Pregnant women who take pregabalin — or Pfizer’s Lyrica — may increase the risk of having babies with major birth defects.
A team of researchers initiated a new study, supported by the American Academy of Neurology. The team investigated the pain and anti-seizure drug, Lyrica. The researchers concluded that taking pregabalin, or Lyrica, during the first trimester of pregnancy may increase the risk of major birth defects.
Lyrica is Pfizer’s trade name for a drug called pregabalin. Lyrica is one of Pfizer’s top selling drugs — bringing in more than $3.6 billion last year.
Pregabalin is often used to treat neuropathic pain, as well as partial seizures that are common in temporal lobe epilepsy.
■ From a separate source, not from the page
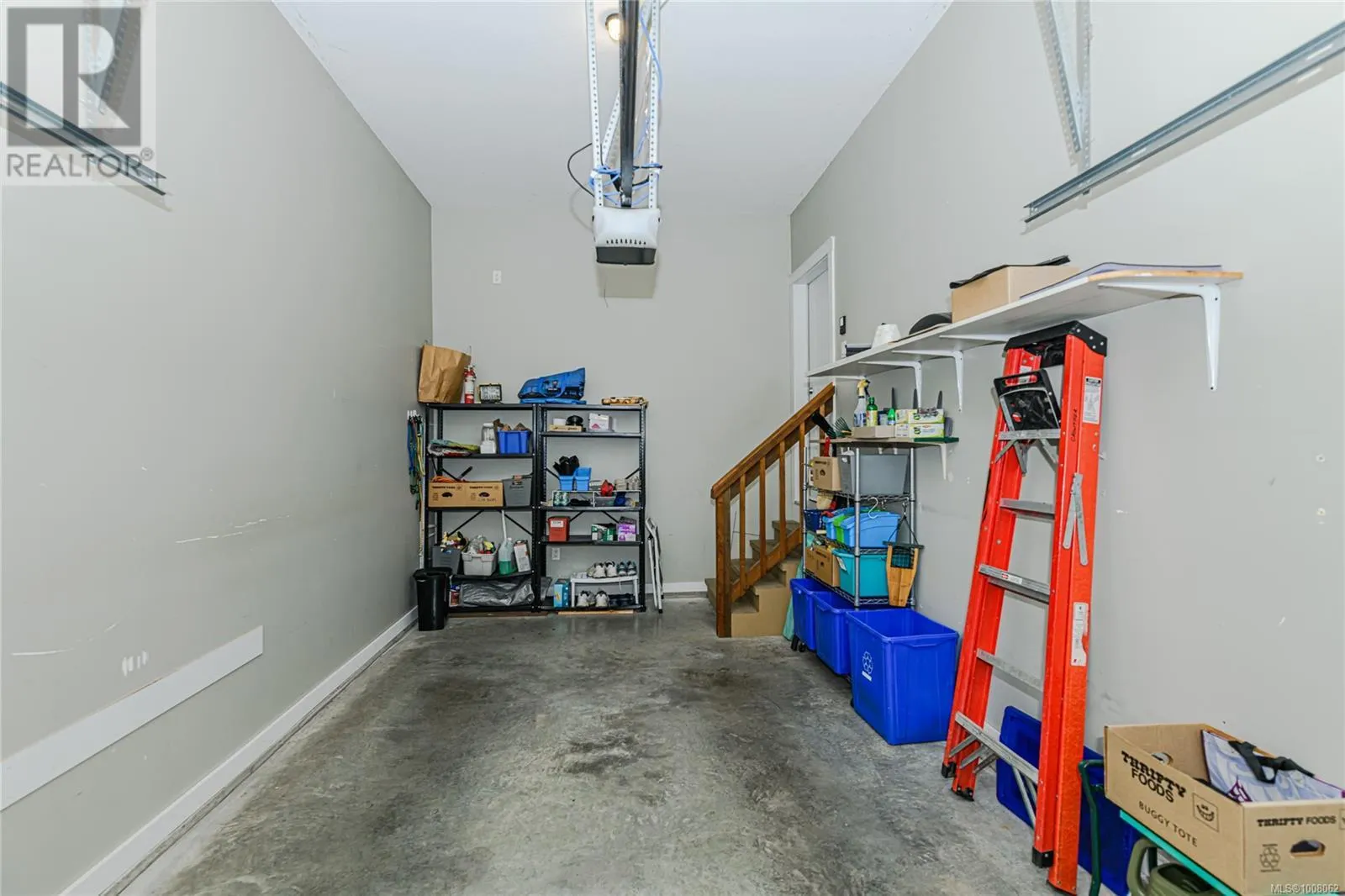 3 3134 Manor Dr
In Europe, pregabalin is also approved to treat generalized anxiety disorder.
Pregabalin (Lyrica) usage
Lyrica has been approved in the United States to treat diabetic neuropathy pain, epilepsy, and postherpetic neuralgia (pain after shingles).
Lyrica is also used to relieve pain from damaged nerves that can occur in your arms, hands, fingers, legs, feet, or toes. It is used to treat fibromyalgia, as well.
In addition, pregabalin is used with other medications to treat certain types of seizures in people with epilepsy.
Pregabalin is prescribed mainly for pain and to help prevent seizures; however, it is also used in treating psychiatric disorders — including anxiety, bipolar disorder, psychosis, and depression.
Unfavorable study results for Pfizer’s Lyrica
This latest study on Pfizer’s Lyrica consisted of 164 pregnant women in seven countries.
A team of researchers initiated a multicenter, observational prospective cohort study and found that 15 percent of infants exposed to the drug Lyrica — or pregabalin — had major birth defects compared to 2.8 percent of those infants who were not exposed.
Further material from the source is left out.